The 13ft copper structure blew off the top of the tower in a storm about 15 years ago. It turns out one of the Friends of Locke Park Jack Beverley had been walking past at just the moment someone was trying to steal it.

“Jack collared him and said ‘you’re not taking that, it belongs to the tower’.”

It ended up being taken into the care of David Allen, chairman of the Friends of Locke Park, and Mr Cherry said he was really pleased to hear there are plans to put it back on the tower, taking it back it its original height.

“We do want to incorporate it into the renovations to the tower,” said Mr Allen, who has been looking after the vane for the last 15 years.

About £85,000 was spent on work to the tower a few years ago, but these were just the most basic and urgent repairs which allowed people to safely go up the tower again - something which now happens with the support of the group every first Sunday of the month from 2 to 4pm.

But the long-term plan is for a more comprehensive £250,000 restoration of the whole building, bringing the stonework, ornate carvings, balustrading and roof back to their full glory.

The aim is to raise funds, and use some of the proceeds of the sale last year of two properties, the Locke Park Lodges, towards the match-funding of a grant application.

But he said there were three other priorities which needed sorting out before any more work to the tower.

“Our priorities are toilets, improvements to the bandstand, and footpaths.

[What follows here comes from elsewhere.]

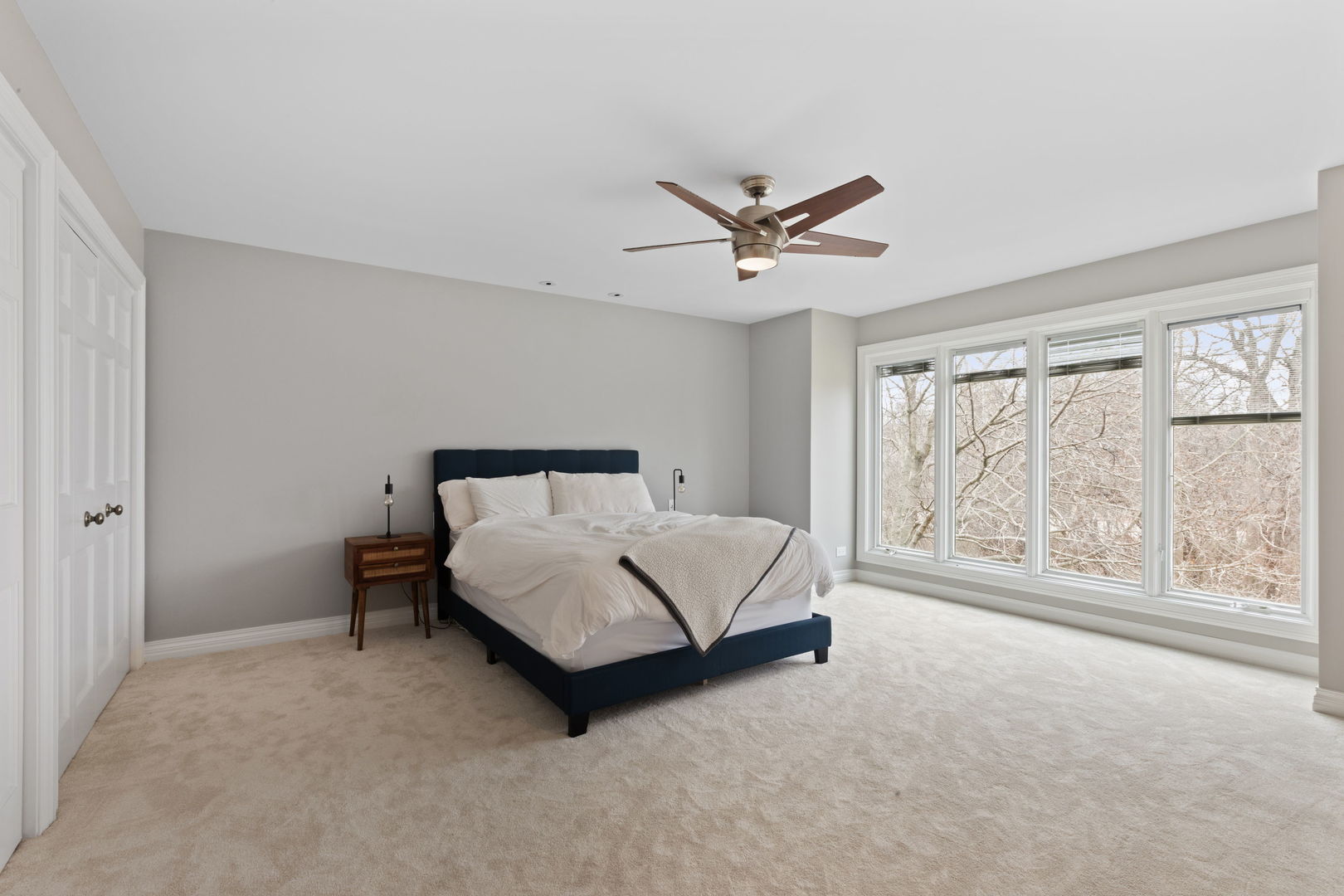 791 South Ridge Road Lake Forest, IL 60045 - Photo 24 of 40 a spacious bedroom with a large bed and a large window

The toilets we have now are wholly inadequate for any major event, or any event that attracts more than a few people.”

He said there were also plans to bring power supply to the bandstand to allow performances of all types, and urgent repairs were needed to the paths through the park to make sure they remain safe.

But he said he hoped in the next few years to be able to press ahead with plans to restore the tower and its weather vane.

“We don’t want to use all of the proceeds from the lodges. The idea is that money, held by the council, goes towards capital spending in the park, but we want it to be available to the next generation, and the generation after that.

“We want to use it to match-fund larger grants from people like the Heritage Lottery Fund and other funders.”

The Friends of Locke Park group is appealing for new members, who can just turn up to meetings held on the first Tuesday of every month in Locke Park Cafe from 6pm.

HISTORY OF THE TOWER

LOCKE Park Tower was opened in 1877 and had been built at a cost of £11,000 - equivalent to about £1.2m today.

It stands 70ft tall and about 700ft above sea level at its highest point. The park itself was a gift to the people of Barnsley by the great railway engineer Joseph Locke’s widow Phoebe.

The original park, then called the People’s Park, opened on June 10 1862.

It amounted to about 17 acres.

In 1874, Phoebe Locke’s sister Sarah McCreery donated a further 21 acres of land in memory of her sister who had died in 1866. This more than doubled the area of the park.

Sarah also instigated the building of the tower. It formally opened on October 20 1877. The weather vane bears her initials SMC.